Come sottolinea Luciano Galliani nella prefazione, negli ultimi vent’anni l’apprendimento permanente è diventato un principio ispiratore dei processi di riforma e degli indirizzi politici definiti a livello europeo ed è stato assunto anche come impegno dalle università europee con la European Universities’ Charter on Lifelong Learning (2008).
Il volume ripercorre le tappe dell’evoluzione del concetto di lifelong learning in chiave europea, concentrandosi in particolare sull’idea di competenza e sulla centralità della progettazione per competenze.

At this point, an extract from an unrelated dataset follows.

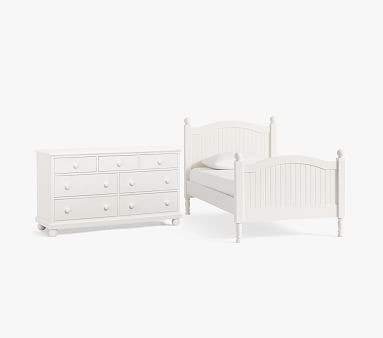 Catalina Bed | Pottery Barn Kids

Sono esaminate «teorie, modelli, pratiche di riconoscimento e certificazione delle competenze, nel dialogo, difficile ma ormai necessario, tra apprendimento avvenuto in contesti formali, non formali e informali».

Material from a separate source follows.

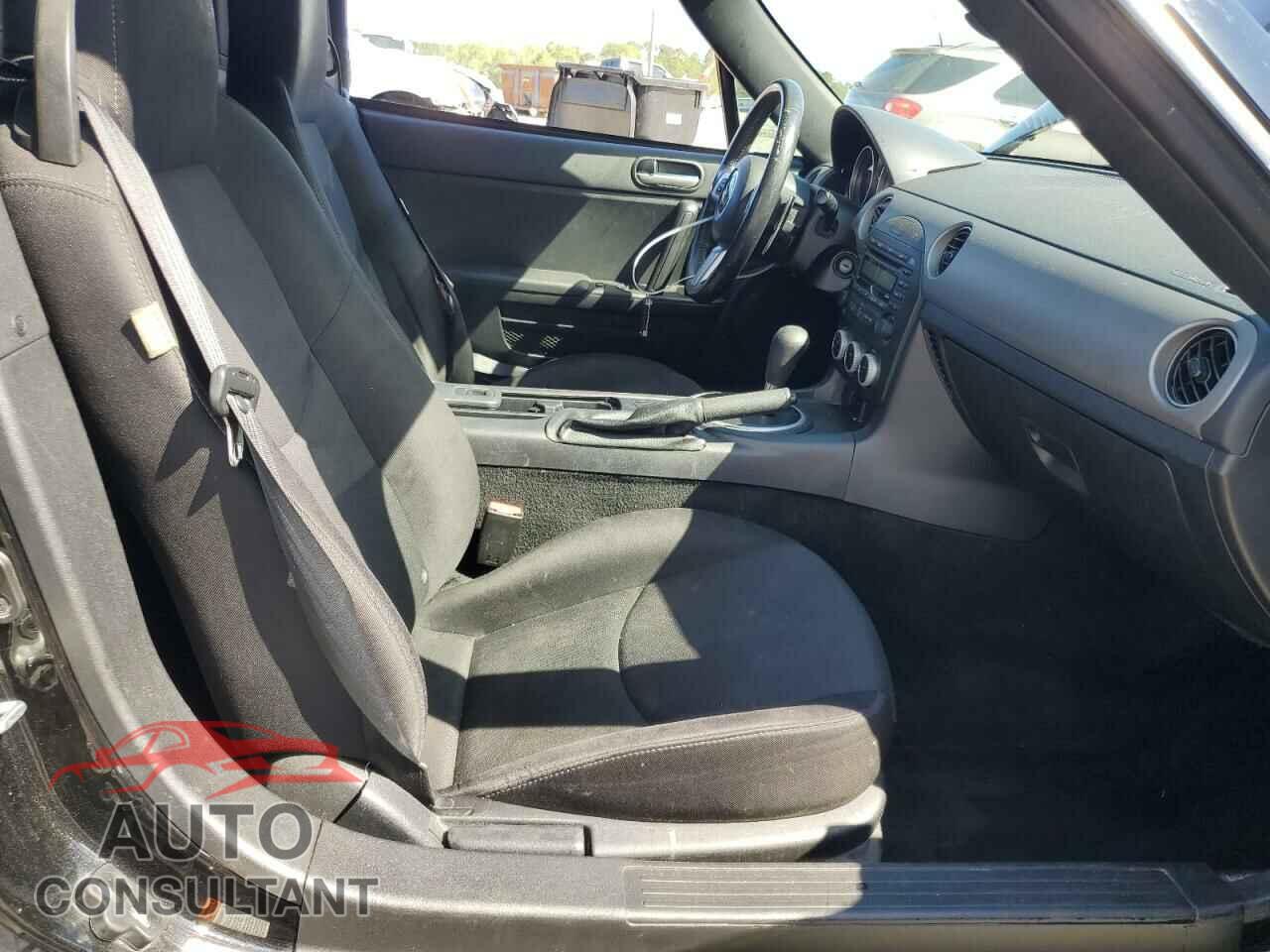 MAZDA MX5 2010 - JM1NC2EF7A0206536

L’autrice analizza il significativo pensiero di alcuni autori – John Dewey, Donald Schön, Jack Mezirow e David Kolb –, sottolineando in particolare il valore della riflessione affinché il sapere delle esperienze possa essere capitalizzato e divenire una risorsa per un agire competente in contesti diversificati.
Nel terzo capitolo Serbati prende in esame le pratiche di riconoscimento e certificazione già esistenti. Tra le best practices europee, sono distinte due direttrici di modelli (e di strumenti) per riconoscere e validare l’apprendimento esperienziale, il VAE (Validation des Acquis de l’Expérience) francese e l’APEL (Accreditation of Prior Experiential Learning) britannico.
Nell’ultima parte del volume è descritto un caso di applicazione empirica di un percorso di riconoscimento degli apprendimenti pregressi svoltosi presso l’Università di Padova, da cui si traggono alcuni suggerimenti per lo sviluppo di percorsi e servizi universitari dedicati al riconoscimento e all’accreditamento dei saperi ovunque acquisiti.
Secondo l’autrice si tratta di una vera e propria rivoluzione copernicana, «dell’abbattimento delle barriere tra sapere teorico e sapere pratico e di contaminazione di apprendimenti e contesti». Molto interessante il modello di sintesi, presentato nelle ultime pagine del libro, delle dimensioni chiave del processo di riconoscimento e certificazione delle competenze, che si sviluppa nell’intreccio tra adulto e istituzione accademica in un continuum che va dall’apprendimento formale a quello non formale e informale.
Sul versante dell’apprendimento non formale e informale si collocano le dimensioni orientativa e didattico-formativa, mirate a favorire nell’adulto lo sviluppo dell’empowerment attraverso il riconoscimento delle proprie conoscenze, abilità e competenze e la centralità del lavoro introspettivo di presa di consapevolezza che ogni persona può compiere, in qualità di vera esperta della propria esperienza di vita.  Rintracciare, nella prospettiva di sviluppo della persona, connessioni tra i contesti formali, non formali e informali può rappresentare un’importante opportunità di valorizzazione del proprio sapere, di riappropriazione delle proprie competenze e risorse e di presa di decisioni più consapevoli e incisive per la propria vita formativa, professionale e personale.  L’apprendimento esperienziale si pone dunque come “quarto sapere” oltre il savoir (conoscenze), il savoir faire (abilità) e il savoir être (competenze).
L’apprendimento permanente e la certificazione delle competenze garantiscono anche il diritto di mobilità nazionale ed europea basato su titoli trasparenti e riconoscibili, rappresentando una sfida sempre più imprescindibile verso una maggiore apertura ad un’utenza accademica nuova e diversificata.